Molecular engineering implications of rotational invariance in quadratic nonlinear optics: From dipolar to octupolar molecules and materials

Abstract

Molecules and assemblies therefrom with strictly vanishing multipolar‐like tensorial susceptibilities of given orders are defined in general, following group theoretical prescriptions. This approach leads, in the case of quadratic nonlinear optical properties, to a new class of molecules with strictly vanishing dipole moments and dipolar components of the quadratic hyperpolarizability tensor β. The remaining nonvanishing irreducible β component, referred to as the octupolar component, had not been previously considered in the perspective of molecular engineering and optimization, as proposed in this work. The adequate tensorial framework for depicting such an approach is derived for the various point‐symmetry classes and a vectorial representation introduced to depict the full anisotropic nature of nonlinear polarizabilities.
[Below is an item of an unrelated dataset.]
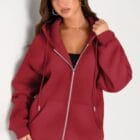 Τζάκετ φούτερ με κουκούλα , φερμουάρ και μπροστινές τσέπες - BANZI - AD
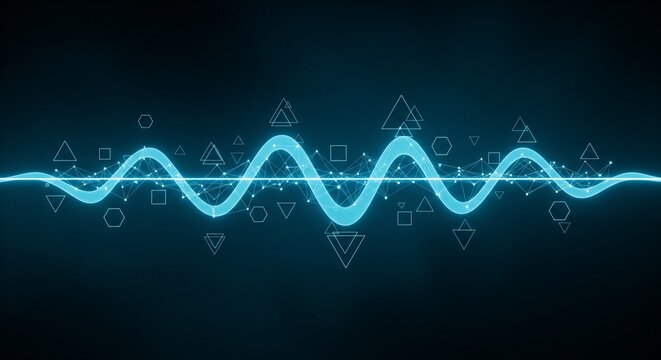 Abstract glowing blue sound wave with geometric shapes and particles on a dark background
It permits a more general and adequate scaling of molecules and materials in terms of their efficiencies, while previous molecular classifications, strongly biased by the electric field second‐harmonic (EFISH) solution experiment, focus almost exclusively on the dipolar component of β. Various molecular engineering routes meant at enhancing the octupolar β component are proposed and illustrated by specific examples. The molecular quantum implications of the existence of octupolar nonlinearities are discussed with three‐level systems shown to replace the inadequate traditional two‐level model. Finally, identical tensorial symmetry considerations, applied consistently to molecular assemblies (χ(2)susceptibility) and interacting light beam (F (2) cubic field tensor) evidence the relevance of circularly polarized beams to probe octupolar assemblies, the ellipticity of the outgoing beam in the case of second‐harmonic generation depending on the ratio of the octupolar over dipolar susceptibility components.